*** Task data

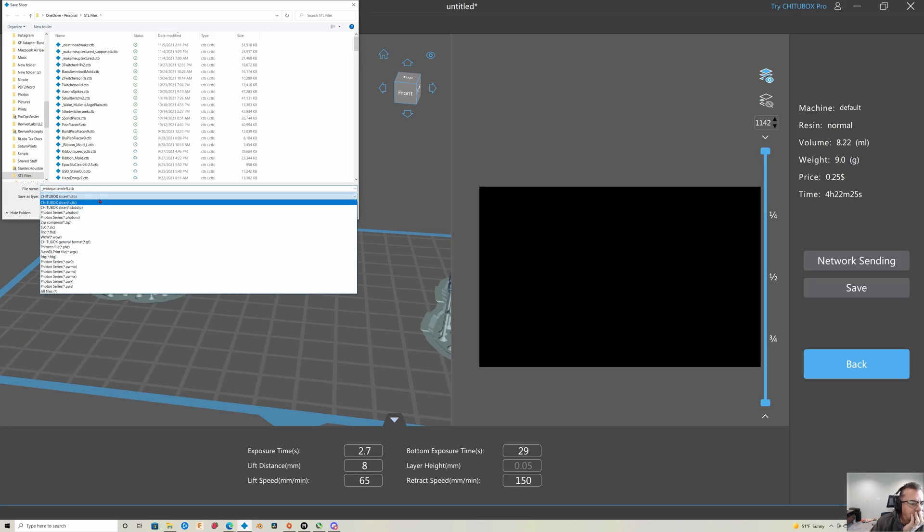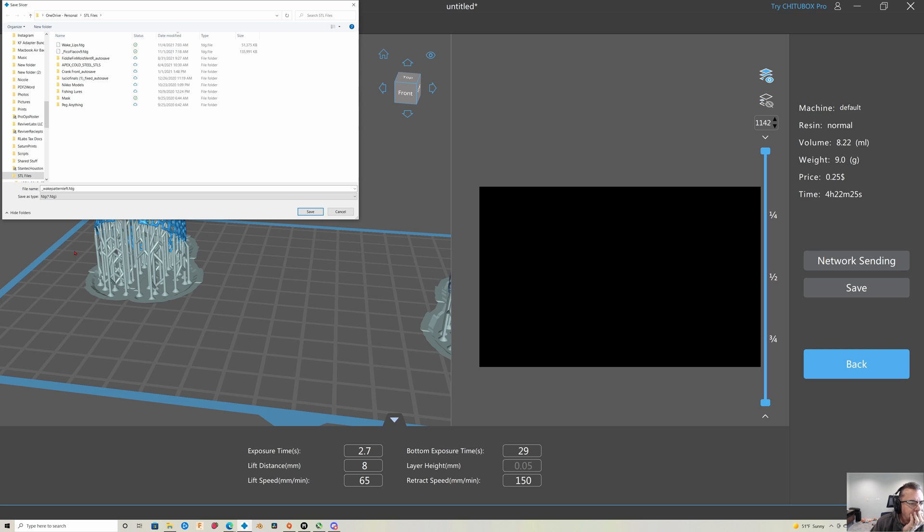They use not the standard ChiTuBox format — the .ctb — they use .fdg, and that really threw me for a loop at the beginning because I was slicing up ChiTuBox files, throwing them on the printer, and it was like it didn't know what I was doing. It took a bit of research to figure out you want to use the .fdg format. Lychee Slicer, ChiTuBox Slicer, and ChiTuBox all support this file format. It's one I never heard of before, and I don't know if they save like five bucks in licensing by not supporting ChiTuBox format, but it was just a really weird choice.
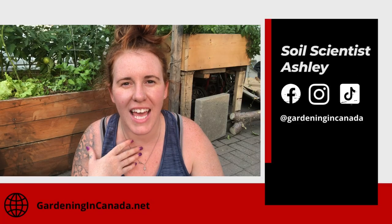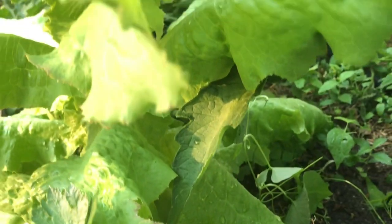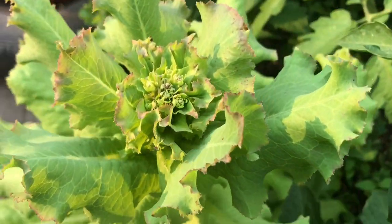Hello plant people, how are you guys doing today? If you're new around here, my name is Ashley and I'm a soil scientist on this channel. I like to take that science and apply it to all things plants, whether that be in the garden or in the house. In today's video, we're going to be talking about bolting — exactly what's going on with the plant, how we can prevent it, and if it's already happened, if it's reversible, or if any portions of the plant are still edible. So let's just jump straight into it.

******
*** Task data

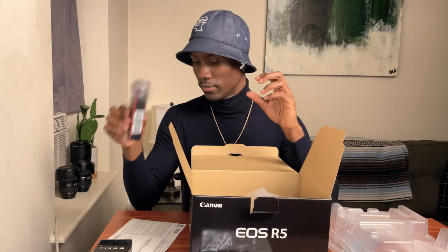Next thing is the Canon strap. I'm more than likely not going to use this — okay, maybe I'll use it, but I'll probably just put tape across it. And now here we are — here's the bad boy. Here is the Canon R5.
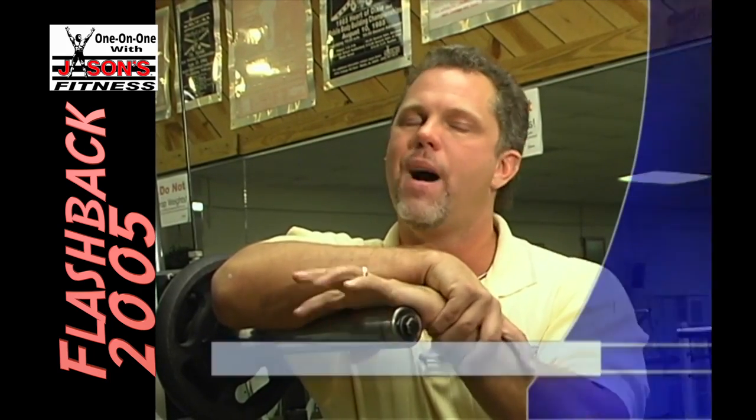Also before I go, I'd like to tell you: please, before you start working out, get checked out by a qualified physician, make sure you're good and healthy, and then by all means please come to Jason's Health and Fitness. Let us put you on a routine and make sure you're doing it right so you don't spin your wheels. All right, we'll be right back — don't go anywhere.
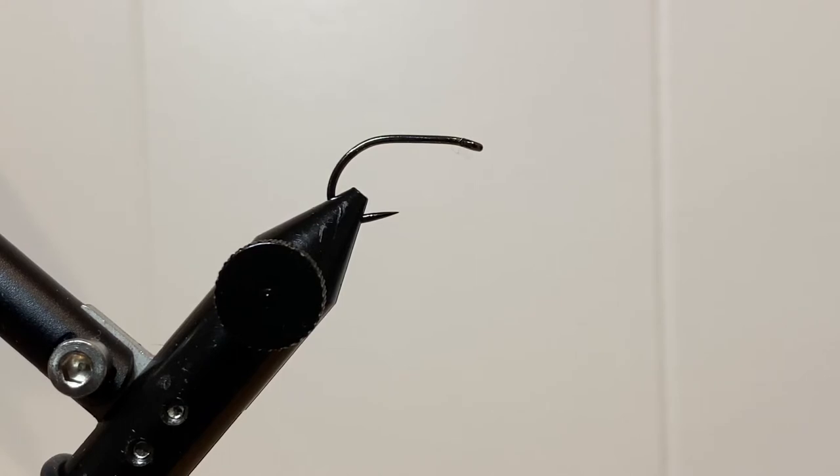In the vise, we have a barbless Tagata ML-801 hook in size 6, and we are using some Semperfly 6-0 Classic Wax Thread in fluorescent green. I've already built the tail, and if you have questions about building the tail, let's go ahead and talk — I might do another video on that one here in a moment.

******
*** Task data

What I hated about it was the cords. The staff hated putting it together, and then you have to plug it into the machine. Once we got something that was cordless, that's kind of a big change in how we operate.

******

Starting at the line above that has "They use not" and ending at the line that has "Hello plant people, how", copy each line exactly, leaving the pictures out and adding nothing.

▶ [Solved exercise]:
They use not the standard ChiTuBox format — the .ctb — they use .fdg, and that really threw me for a loop at the beginning because I was slicing up ChiTuBox files, throwing them on the printer, and it was like it didn't know what I was doing. It took a bit of research to figure out you want to use the .fdg format. Lychee Slicer, ChiTuBox Slicer, and ChiTuBox all support this file format. It's one I never heard of before, and I don't know if they save like five bucks in licensing by not supporting ChiTuBox format, but it was just a really weird choice.
Hello plant people, how are you guys doing today? If you're new around here, my name is Ashley and I'm a soil scientist on this channel. I like to take that science and apply it to all things plants, whether that be in the garden or in the house. In today's video, we're going to be talking about bolting — exactly what's going on with the plant, how we can prevent it, and if it's already happened, if it's reversible, or if any portions of the plant are still edible. So let's just jump straight into it.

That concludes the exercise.